A number of industries are built upon the billable hours model. Supplier companies exist to deliver services to client companies in a range of areas, and the billing’s generally done with an exchange of time for money. This is often known as billing on a time and materials basis. This is the dominant business model in legal and accounting firms, and consulting businesses of all varieties. I know that we have many people in our community who work in these industries and virtually everyone uses external services in some way to run their business. When we talk about the No Bullsh!t Leadership principles, particularly the elements of delivering value and working at level, the culture of service companies can make it difficult to look past the current billing cycle. It’s hard to think long term when you’re a slave to utilisation rates and billable hours.

Today, I want to talk through some of these dynamics from my perspective. I’ve worked inside consulting firms and I’ve also hired my fair share of consultants over the years, so I feel pretty well placed to talk about how to achieve better long term performance. I’m going to take a very holistic view today from both the service firm and the client perspective:

  • I’ll open by examining the dynamics of a money-for-time culture.

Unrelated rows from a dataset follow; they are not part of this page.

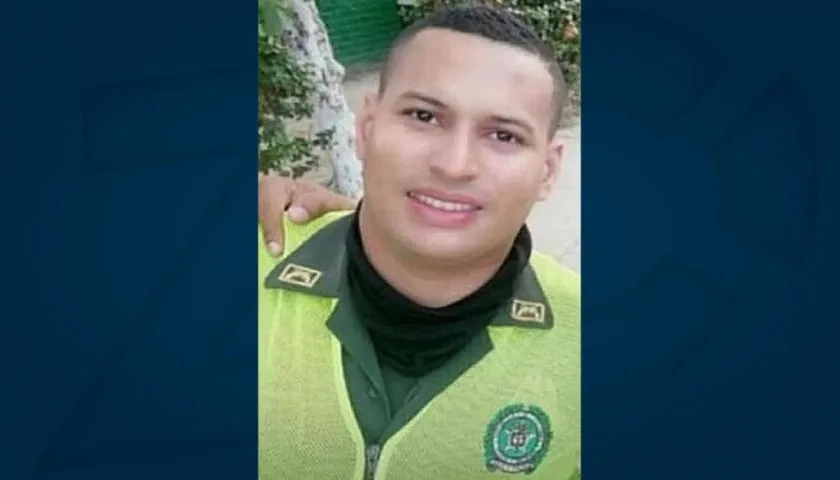 El patrullero Jader Hernán Hernández.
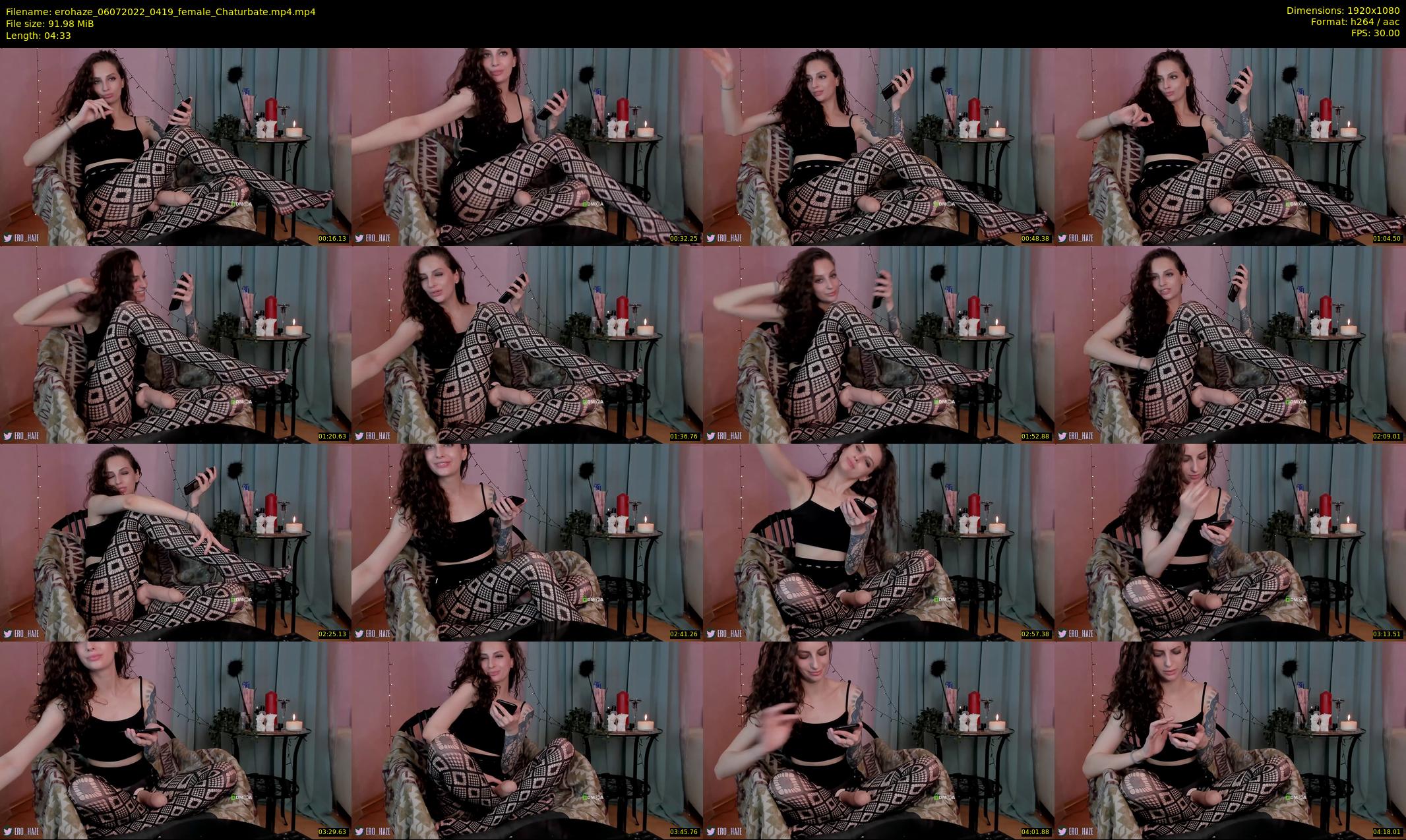erohaze — 5 minute Chaturbate female cam show recording, 1080p, Jul 6, 2022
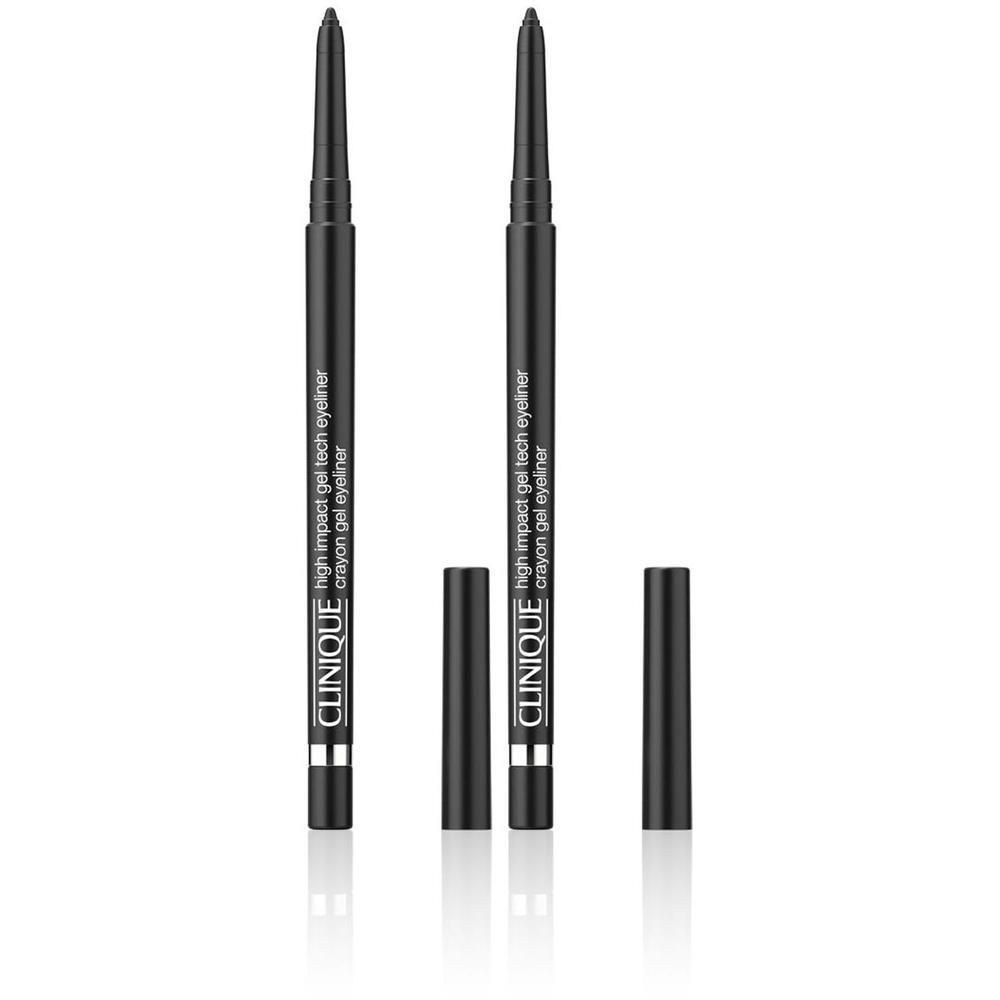 Clinique High Impact Gel Tech Eyeliner 01 Black x2 2x35 g Make up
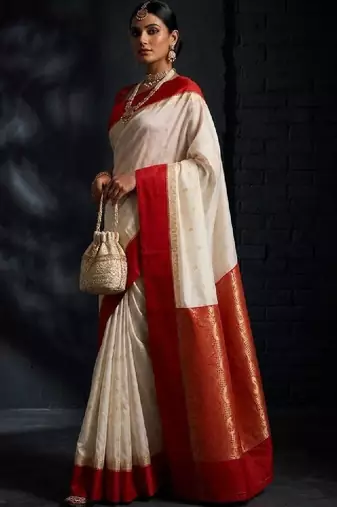 Woven design zari art silk kanjeevaram saree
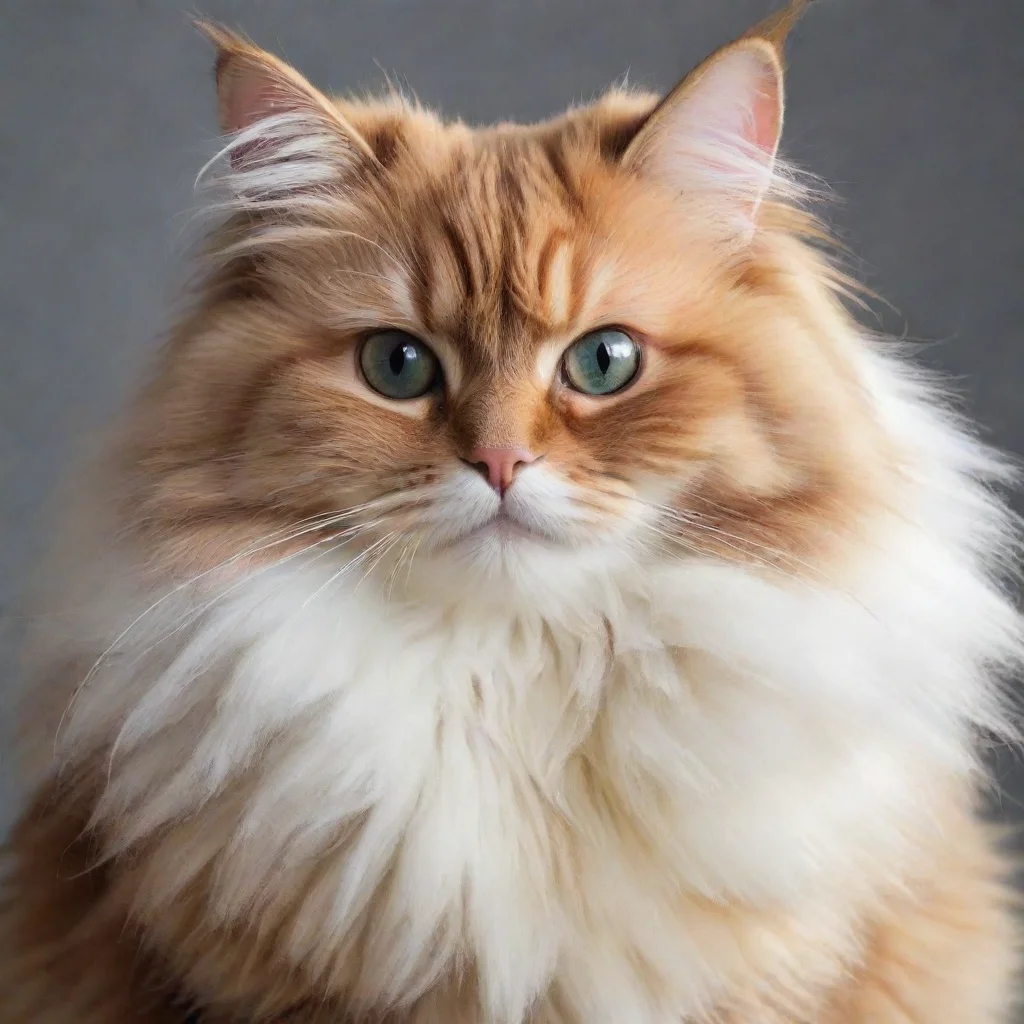 ai amazing fluffy cat awesome portrait 2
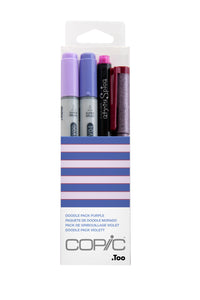 Copic Ciao Marker 4pc Doodle Kit, Purple | 4511338053881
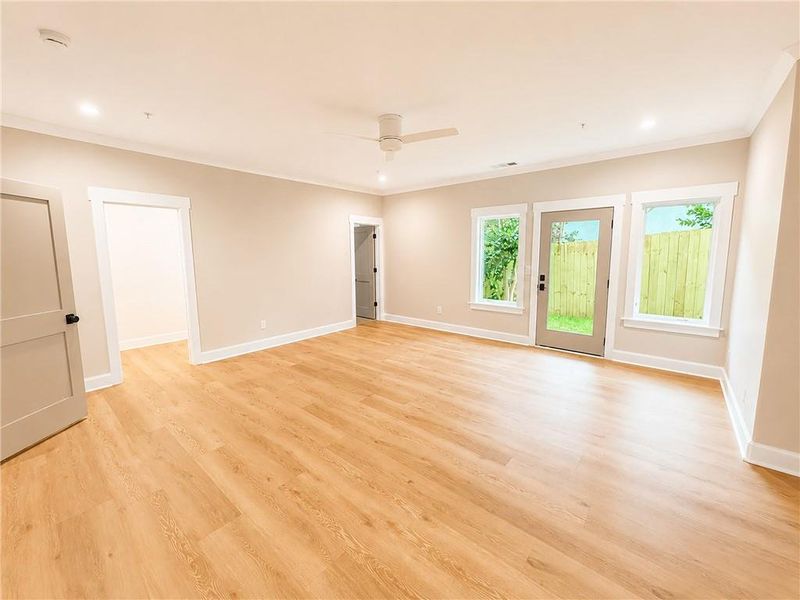 Spacious, unfurnished interior of a new home in , Atlanta (Image 14). Spacious, unfurnished interior of a new home in , Atlanta (Image 14).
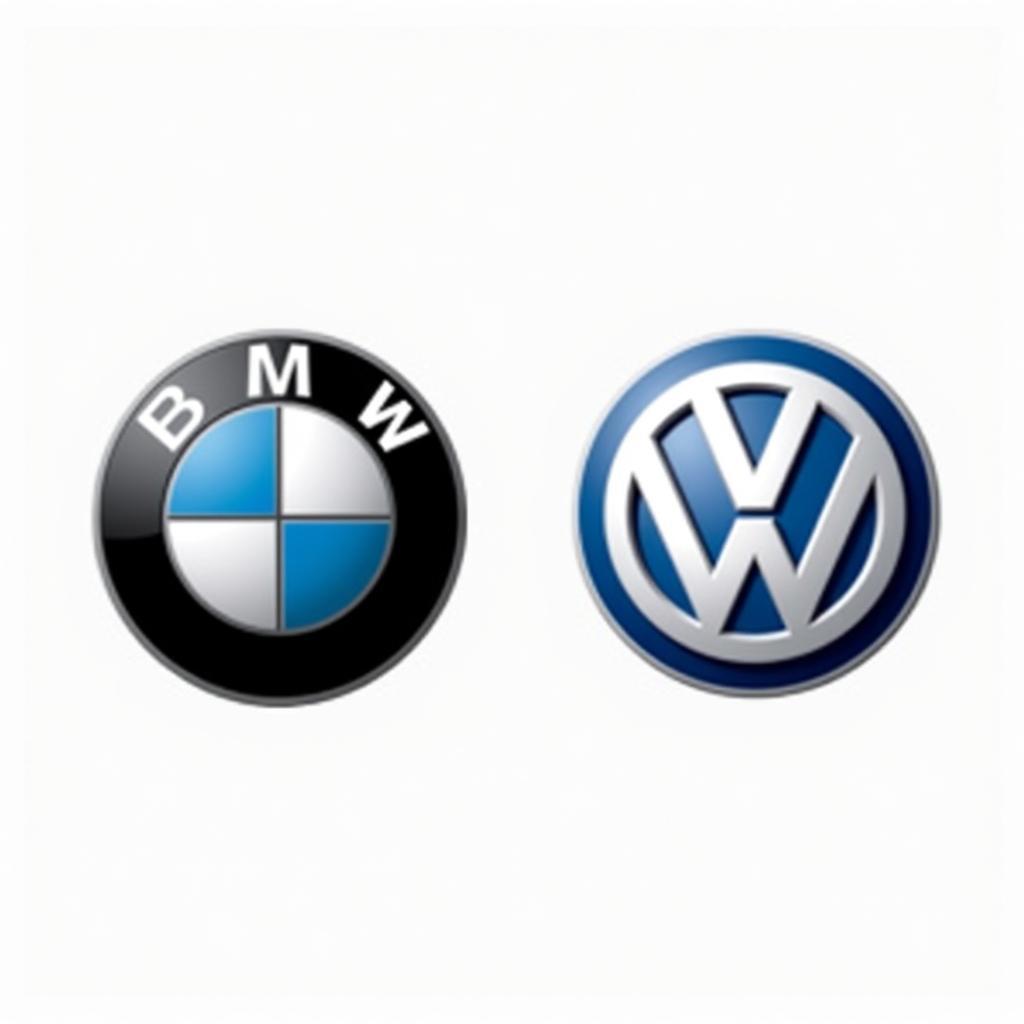 BMW and VAG Logo Comparison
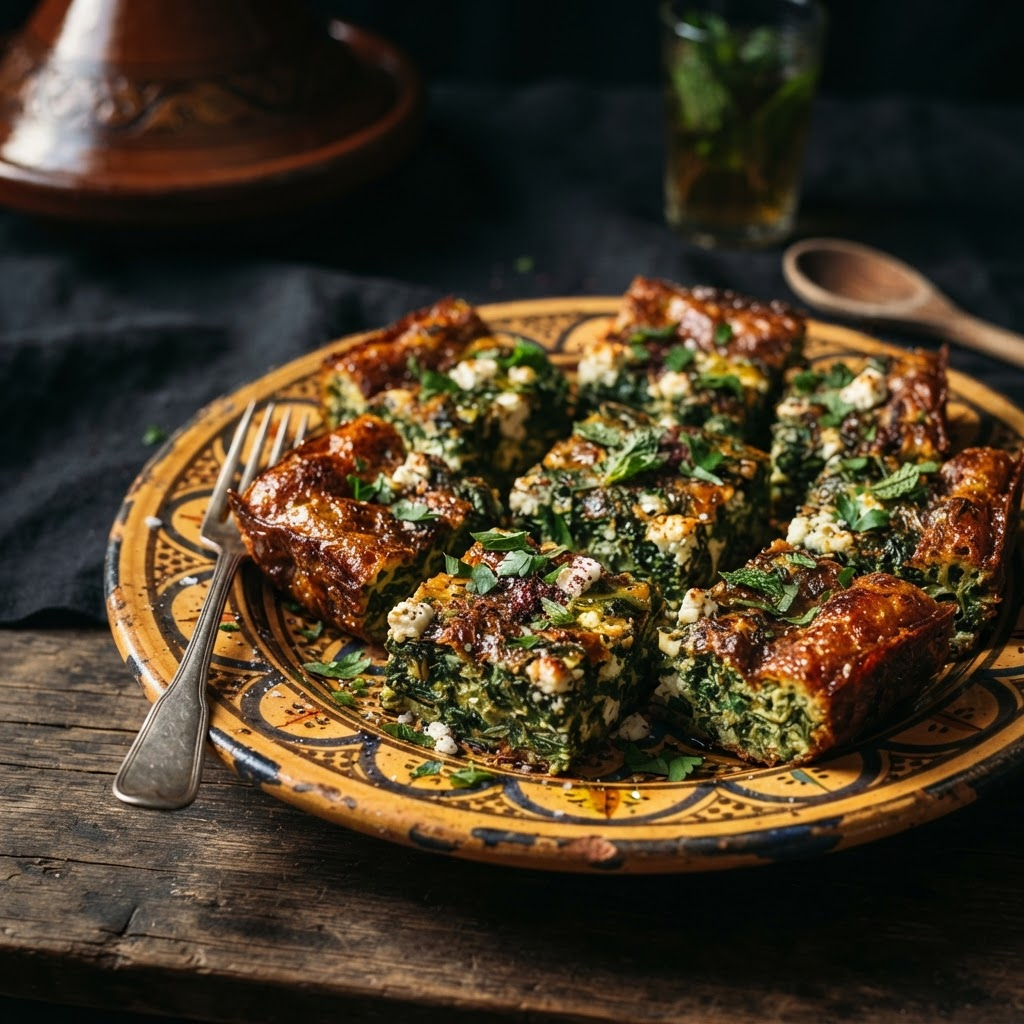 Fritada de Espinaca, a sephardic traditions dish from Tangier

  • I’ll give some special attention to one of the common variations on the theme, which is fixed price contracts.

  • I’ll move on to some of the issues that occur for both the company and its clients in the billable hours culture.

  • I’ll finish with a few ideas for changing the way your firm approaches the problem while not killing the goose that laid the golden egg.

So let’s get into it.

Let’s just quickly cover off how it works: services are delivered and billed by the hour. Now, lawyers are a classic example, they have an hourly rate, but they actually bill in six minute increments. I’m sure most of you have had to procure legal services for one reason or another during your lives, but it can really leave you questioning whether or not the service represents value for money. In large firms, you tend not to notice it too much, it’s just part of doing business – but when it’s your own money, it becomes a lot more obvious. This can have unintended consequences: it’s actually a disincentive to using the service. I’ll tell you now, I don’t want to ask my lawyer a question via email – it can cost me hundreds, if not thousands of dollars. I’d rather just find the answer out myself if I possibly can, but this limits the effectiveness of the advice because the relationship quickly becomes transactional – we’ll have more on this later.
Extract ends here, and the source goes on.